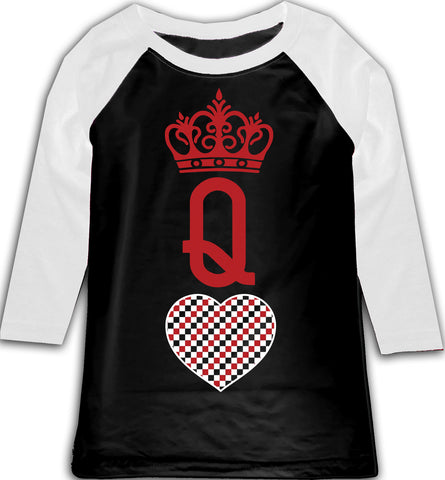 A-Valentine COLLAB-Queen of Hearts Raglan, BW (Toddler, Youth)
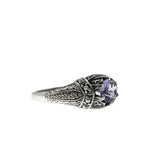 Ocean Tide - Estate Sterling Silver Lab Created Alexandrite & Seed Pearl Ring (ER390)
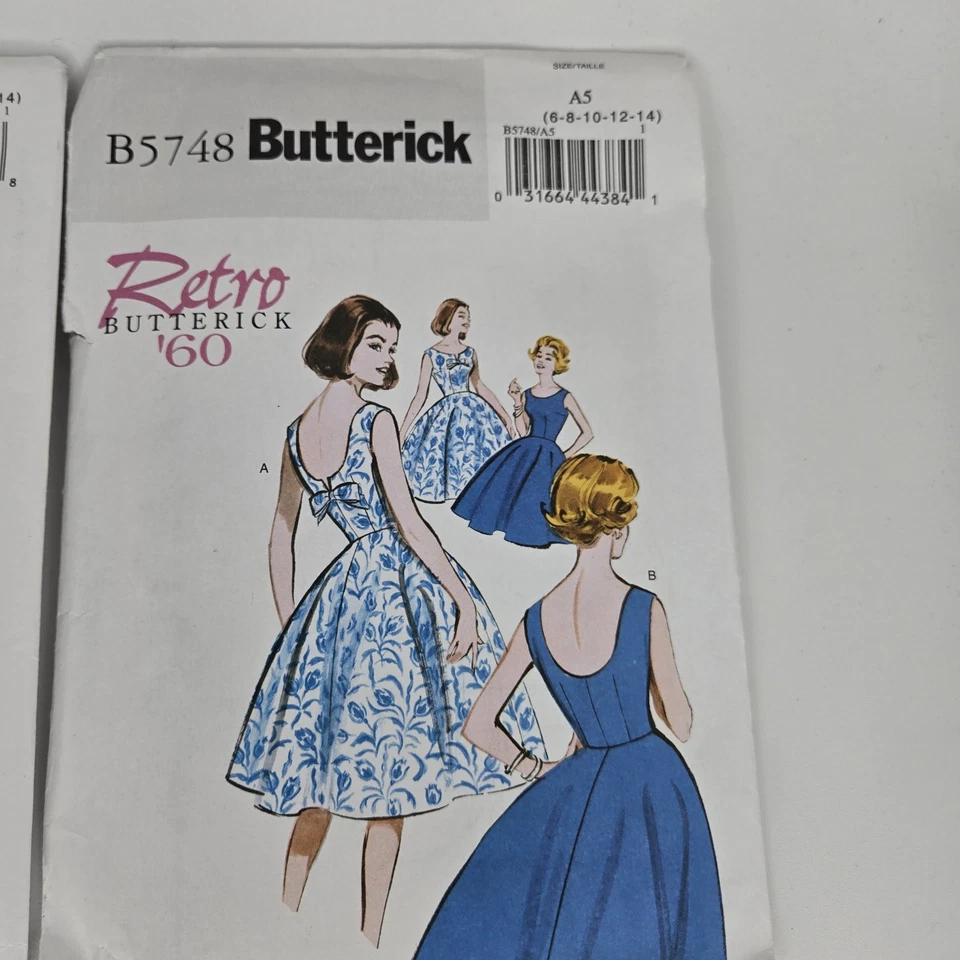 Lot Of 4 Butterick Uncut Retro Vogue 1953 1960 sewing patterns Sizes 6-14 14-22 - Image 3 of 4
· · ·
• [ASSIGNED TASK]
Please return exactly the lines from the one containing "Ocean Tide - Estate" through the end of the material above, both ends included, but not the pictures.

• [ANSWER SPACE]
 Ocean Tide - Estate Sterling Silver Lab Created Alexandrite & Seed Pearl Ring (ER390)
 Lot Of 4 Butterick Uncut Retro Vogue 1953 1960 sewing patterns Sizes 6-14 14-22 - Image 3 of 4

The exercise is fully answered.